Task instructions >>
Write out the lines below exactly, beginning at the one with "Okay, it's done, and" and stopping after the one with "But I can go"; the pictures are not copied.

Provided records >>
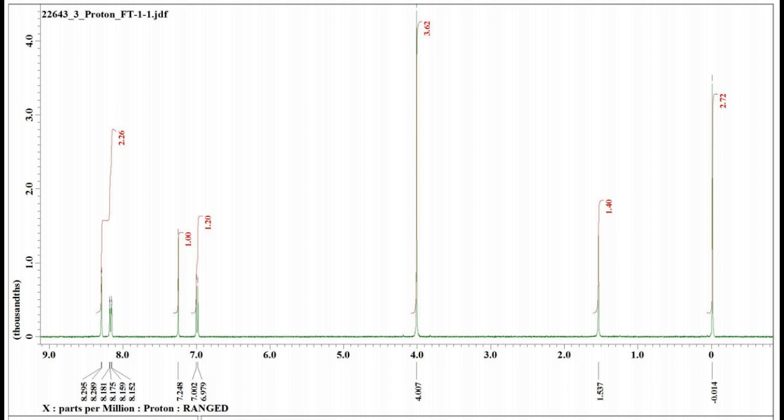The NMR and the IR spectrum of the product is also shown here. Thank you.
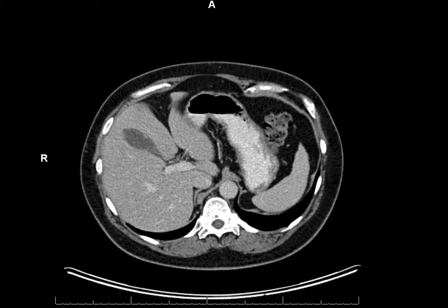Why do we even make CTs? Because we want to differentiate between structures in order to find or exclude pathology. More specifically, we discriminate between structures in terms of their density — the extent to which they absorb x-rays. The more dense a structure is, the whiter it appears on a CT. The less dense a structure is, the darker it appears on a CT.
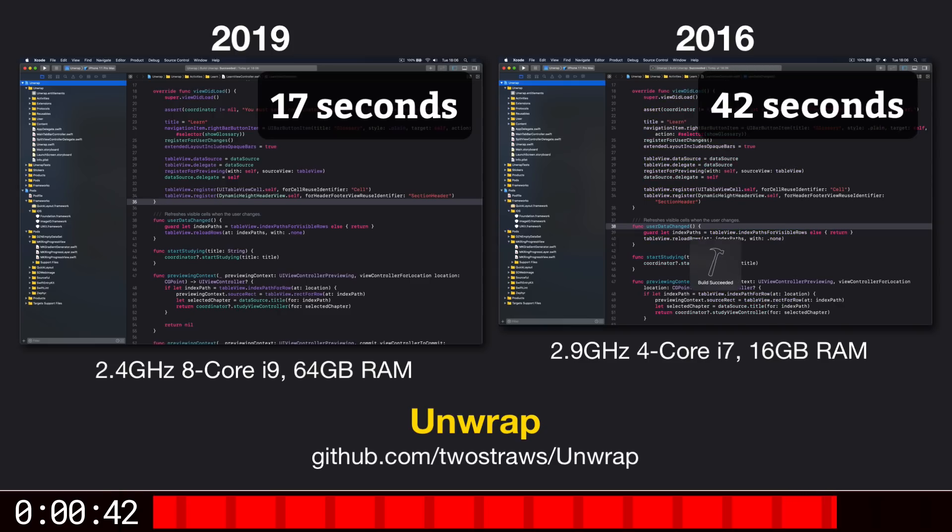Okay, it's done, and it took 42 seconds. So the 2019 model was 2.5 times as fast, which is a great result. Remember, it has twice as many cores, and for a lot of compilation, those cores can be used in parallel.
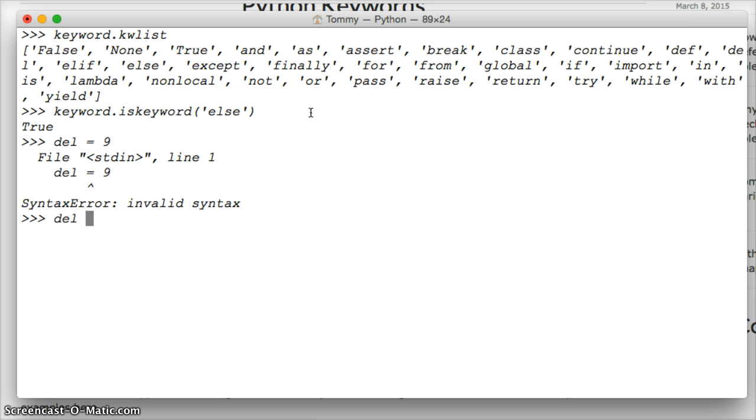But I can go del keyword to remove my module that I imported. Hit return, and now it's gone.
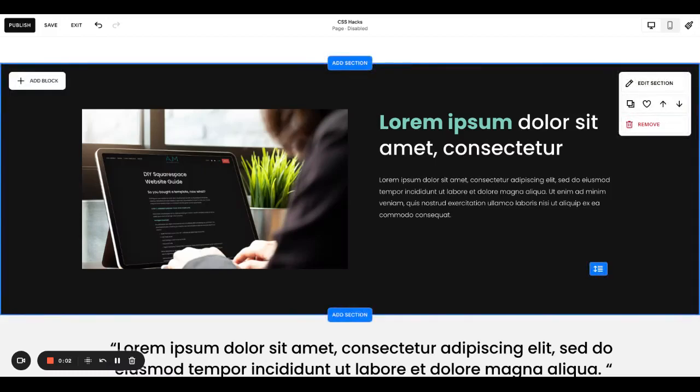Hello and welcome back to AJM Learn. Today I'm going to show you how to create a read more dropdown using the accordion block.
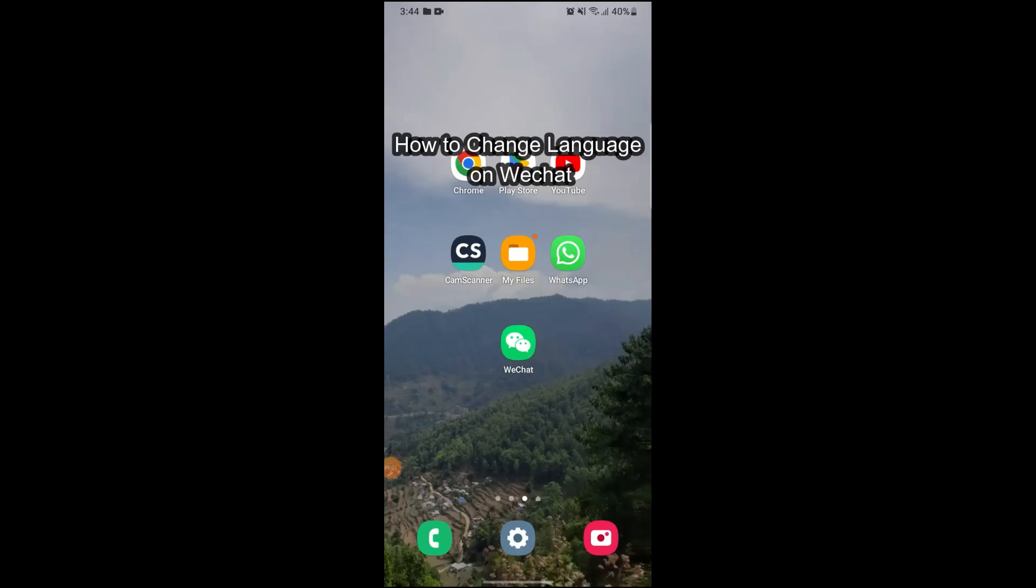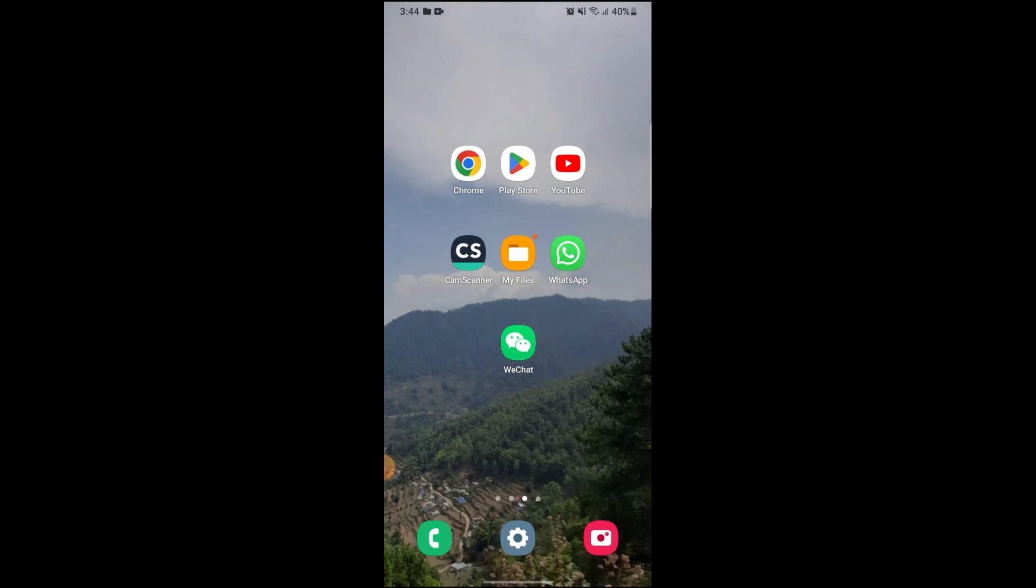Hi guys and welcome to our YouTube channel Tech App. Today I'm here with another video to show you how you can change your language on WeChat. To do so, first of all, log into WeChat.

Reply to the exercise >>
Okay, it's done, and it took 42 seconds. So the 2019 model was 2.5 times as fast, which is a great result. Remember, it has twice as many cores, and for a lot of compilation, those cores can be used in parallel.
But I can go del keyword to remove my module that I imported. Hit return, and now it's gone.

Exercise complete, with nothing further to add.